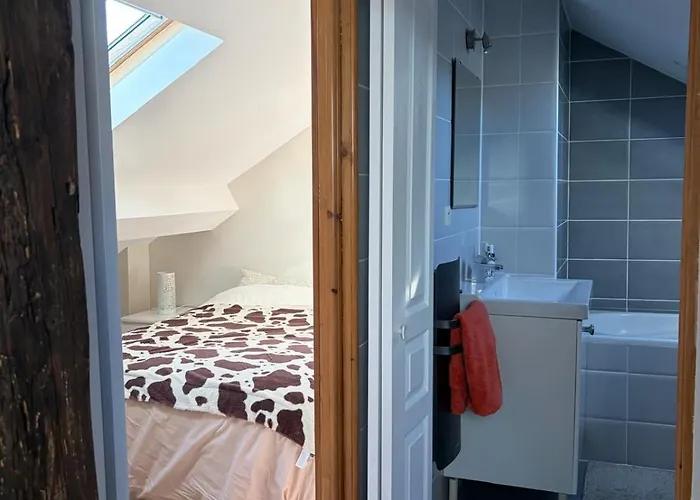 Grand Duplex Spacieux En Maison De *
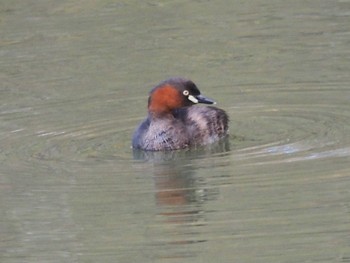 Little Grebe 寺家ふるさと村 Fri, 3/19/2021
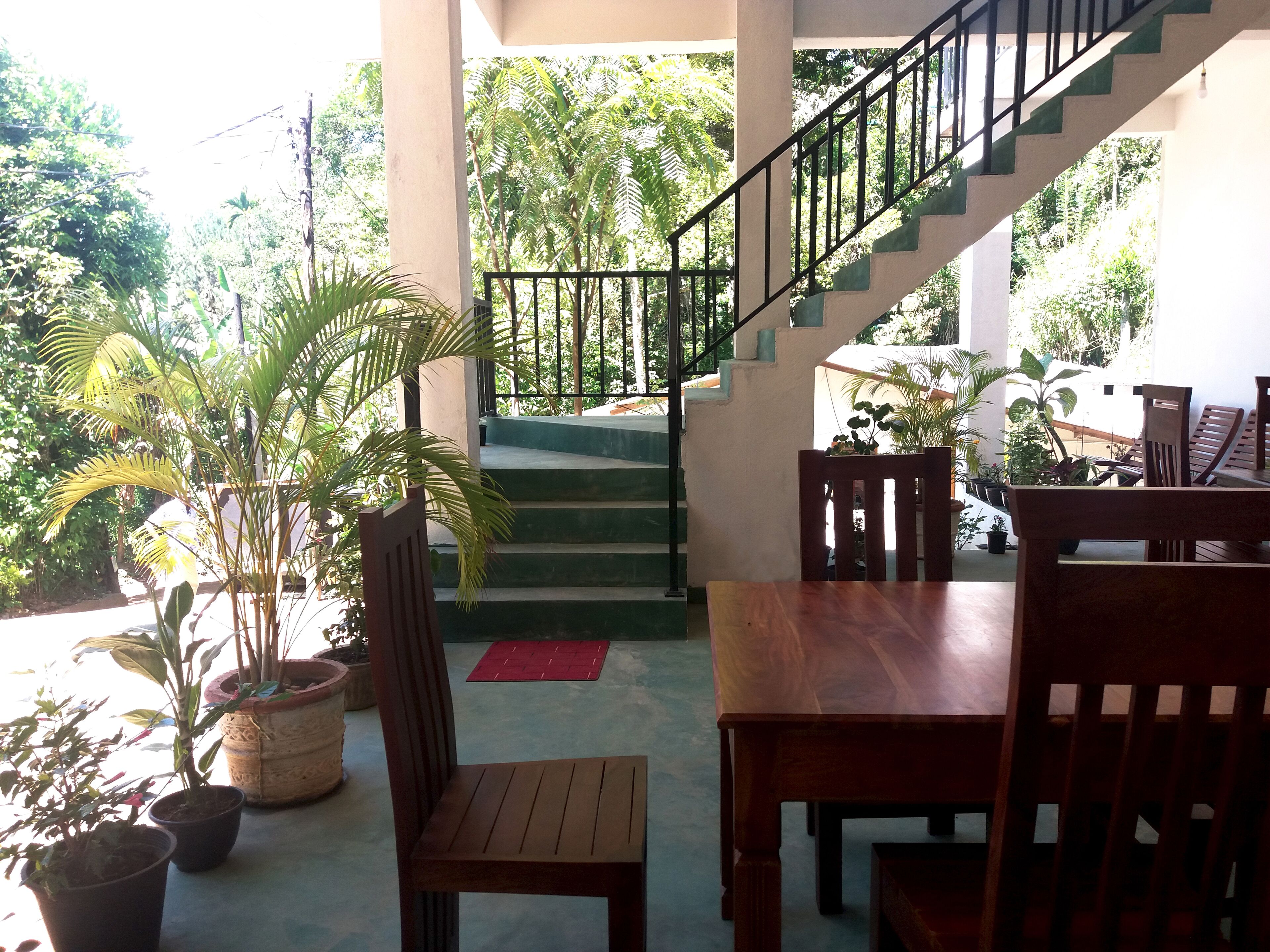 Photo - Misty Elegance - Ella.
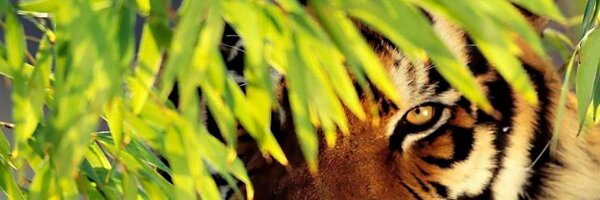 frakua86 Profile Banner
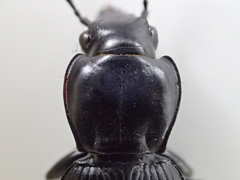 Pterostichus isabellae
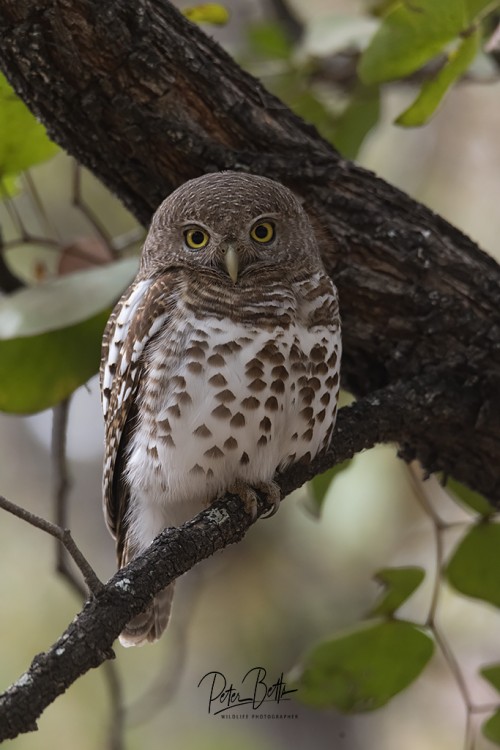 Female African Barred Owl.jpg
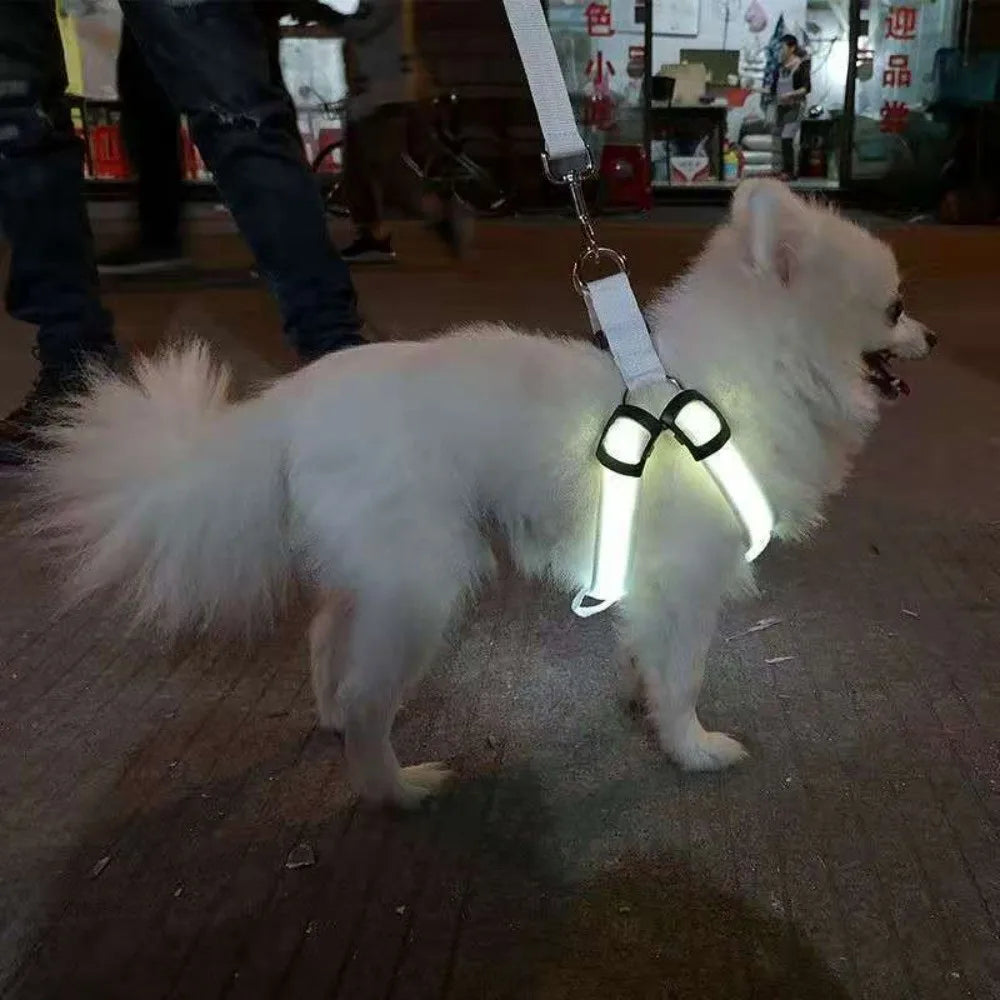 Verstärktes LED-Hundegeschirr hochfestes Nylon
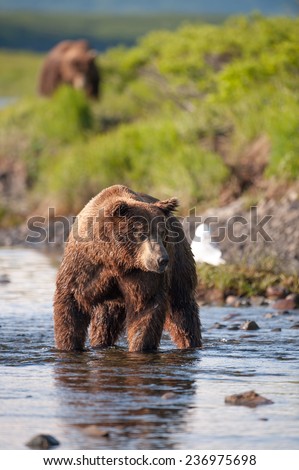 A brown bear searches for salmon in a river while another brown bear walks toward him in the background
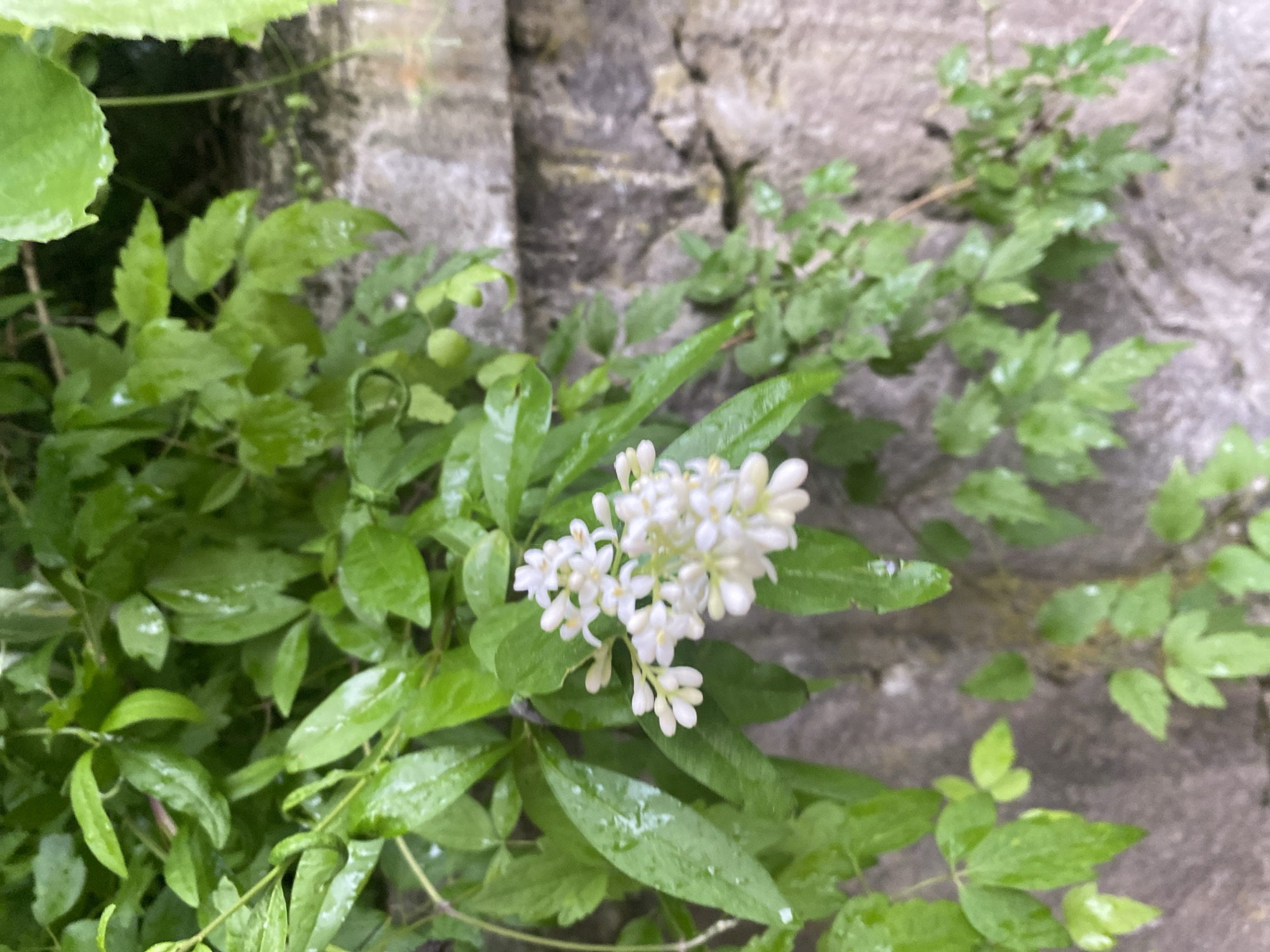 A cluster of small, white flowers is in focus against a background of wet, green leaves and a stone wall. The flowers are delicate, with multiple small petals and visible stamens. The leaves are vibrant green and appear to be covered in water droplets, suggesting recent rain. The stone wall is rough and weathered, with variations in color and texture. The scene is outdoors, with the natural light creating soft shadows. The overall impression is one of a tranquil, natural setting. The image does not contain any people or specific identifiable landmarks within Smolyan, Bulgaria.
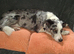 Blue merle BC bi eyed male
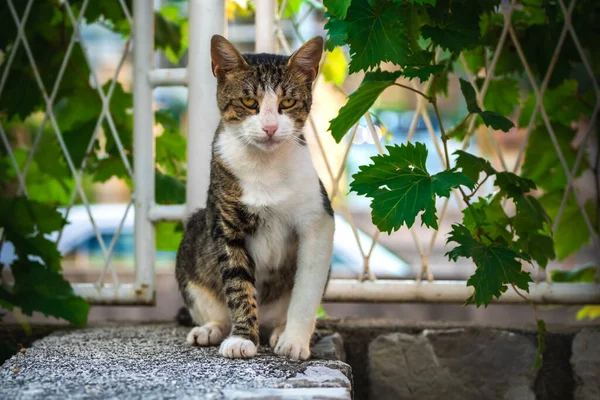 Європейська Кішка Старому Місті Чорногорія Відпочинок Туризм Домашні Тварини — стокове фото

---*---

Once the line with "Little Grebe 寺家ふるさと村 Fri, 3/19/2021" is found in the data above, reproduce it and each line after it exactly, through the line with "A brown bear". Omit the pictures.

> **SOLUTION TO THIS TASK**
 Little Grebe 寺家ふるさと村 Fri, 3/19/2021
 Photo - Misty Elegance - Ella.
 frakua86 Profile Banner
 Pterostichus isabellae
 Female African Barred Owl.jpg
 Verstärktes LED-Hundegeschirr hochfestes Nylon
 A brown bear searches for salmon in a river while another brown bear walks toward him in the background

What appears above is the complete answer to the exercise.